If the Lakers do end up with enough money to sign a max free agent to put next to LeBron and Davis — whether it’s Walker or, say, a LeBron reunion with Kyrie — then, and only then, does this team become a legitimate title favorite. Beyond that, Pelinka will have to fill out the roster in a much smarter way than he and Magic Johnson did in the wake of signing LeBron, and he won’t have many resources to do it with all the money spent up. 

This is where Pelinka will earn his money. The Lakers’ name and location landed them LeBron. Rich Paul and LeBron landed them Davis. Pelinka will have to do his work on the margins, signing shooters, switchable defenders, players who “fit” a team that is still largely undeveloped. 

Along these “fit” lines, the fact that the Lakers kept Kyle Kuzma is no small thing. He’s not the best player of the former young Lakers’ core (I think Lonzo and Ingram are both better, and maybe even Hart), but he probably fits the best next to LeBron as a capable and confident shooter with microwavable scoring abilities, and more importantly, as a willing and instinctual cutter and improvisational player who can provide offense without creating it. We saw Kuzma really mesh with LeBron as a cutter last year. 

Again, you’re going to see rave Lakers reviews for this trade on name value alone. But slow down. We have to see what they do from here. Remember, there was a time when Carmelo Anthony forced the Knicks to trade basically all their depth and most of their future when he could’ve just gone to them a few months later as a free agent. This isn’t exactly the same. Davis would have to wait a full year to go to the Lakers as a free agent next summer, and LeBron is in place whereas the Knicks had nothing left to put alongside Anthony. 

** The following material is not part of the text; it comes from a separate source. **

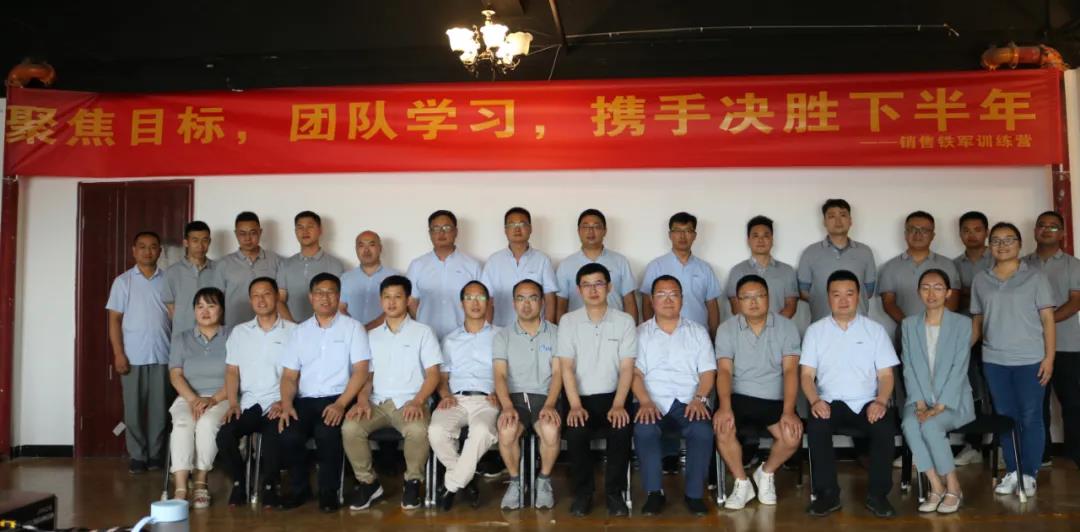 2021年铁军训练营培训大会圆满收官！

Still, until we see the Lakers do something big with whatever cap space they end up having, it’s just Davis and LeBron, and the latter of those two only has two guaranteed years left in Los Angeles. After that, Davis could be left alone on a team that he forced to give up everything to get him. I don’t think that’s going to happen. But it could. And it’s the job of everyone in the Lakers’ organization to not let it.